Neryn is a sixteen-year-old girl living in a world where people with “canny” gifts are hunted and often killed by order of the King Keldec. Neryn has been on the run with her father for three years now, ever since her brother and grandmother died at the hands of the king’s Enforcers. After her Father gambles her away to a mysterious stranger, Flint, her journey of takes a strange turn. She learns her gift of seeing and talking to the Good Folk could mean a lot more than she originally thought. Now her only hope lies in Shadowfell, a mysterious place where she might finally find her freedom.
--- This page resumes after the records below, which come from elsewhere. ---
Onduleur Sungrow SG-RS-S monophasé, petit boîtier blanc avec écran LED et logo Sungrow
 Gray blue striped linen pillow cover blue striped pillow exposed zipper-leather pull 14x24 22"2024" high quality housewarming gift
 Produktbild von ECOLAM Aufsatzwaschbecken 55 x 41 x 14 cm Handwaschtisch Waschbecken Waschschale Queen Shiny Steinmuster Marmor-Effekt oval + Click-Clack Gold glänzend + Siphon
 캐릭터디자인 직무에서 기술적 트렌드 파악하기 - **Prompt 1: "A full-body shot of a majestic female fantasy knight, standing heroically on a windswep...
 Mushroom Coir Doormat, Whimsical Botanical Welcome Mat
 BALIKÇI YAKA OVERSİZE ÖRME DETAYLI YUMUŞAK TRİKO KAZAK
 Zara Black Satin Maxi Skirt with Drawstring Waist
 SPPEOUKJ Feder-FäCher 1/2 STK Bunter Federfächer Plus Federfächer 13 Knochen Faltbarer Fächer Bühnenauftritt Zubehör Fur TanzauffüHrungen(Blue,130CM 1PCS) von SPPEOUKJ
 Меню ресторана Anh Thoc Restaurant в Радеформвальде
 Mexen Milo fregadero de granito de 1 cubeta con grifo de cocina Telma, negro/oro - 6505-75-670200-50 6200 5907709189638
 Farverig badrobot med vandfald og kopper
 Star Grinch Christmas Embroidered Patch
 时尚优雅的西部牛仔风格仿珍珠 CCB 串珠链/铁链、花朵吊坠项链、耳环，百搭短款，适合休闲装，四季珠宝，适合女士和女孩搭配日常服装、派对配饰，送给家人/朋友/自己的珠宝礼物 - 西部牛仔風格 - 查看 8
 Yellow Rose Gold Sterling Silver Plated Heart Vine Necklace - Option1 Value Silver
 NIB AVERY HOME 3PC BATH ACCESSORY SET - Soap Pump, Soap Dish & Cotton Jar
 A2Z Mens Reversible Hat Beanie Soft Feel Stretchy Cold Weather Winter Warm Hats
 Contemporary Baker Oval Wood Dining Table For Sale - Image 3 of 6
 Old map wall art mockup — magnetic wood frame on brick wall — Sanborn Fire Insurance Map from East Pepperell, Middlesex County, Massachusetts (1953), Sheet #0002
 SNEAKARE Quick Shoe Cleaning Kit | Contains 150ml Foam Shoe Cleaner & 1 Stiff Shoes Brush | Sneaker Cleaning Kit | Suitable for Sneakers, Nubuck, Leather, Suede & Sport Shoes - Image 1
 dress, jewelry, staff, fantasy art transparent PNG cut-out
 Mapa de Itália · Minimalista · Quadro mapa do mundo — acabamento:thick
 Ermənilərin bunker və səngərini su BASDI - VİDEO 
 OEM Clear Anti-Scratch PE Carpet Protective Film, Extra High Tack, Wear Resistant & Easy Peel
There are so many admirable pieces in the beginning book of this lovely trilogy. The entire plot is filled with exciting situations that strengthen Neryn’s characterization; the prose, rich with pieces that come together to construct Marillier’s extraordinary world, is threaded with a voice fitting of the fantasy genre. The romantic aspect of the novel is not a crucial feature of the plot. The story could very well continue without the relationship between Flint and Neryn, but it works to sweeten the story instead of dominating it. The most admirable part of this novel, however, is the amazing character development that Juliet Marillier builds so well for Neryn. When we first meet her, she’s a timid girl under the control of a drunken and selfish father, but as she continues on this dangerous journey, Neryn becomes stronger with each challenge she faces. In a sea of young adult novels with crumbling structures, problematic characters, and stale plots, Shadowfell sticks out so wonderfully there was no way I could leave it unreviewed.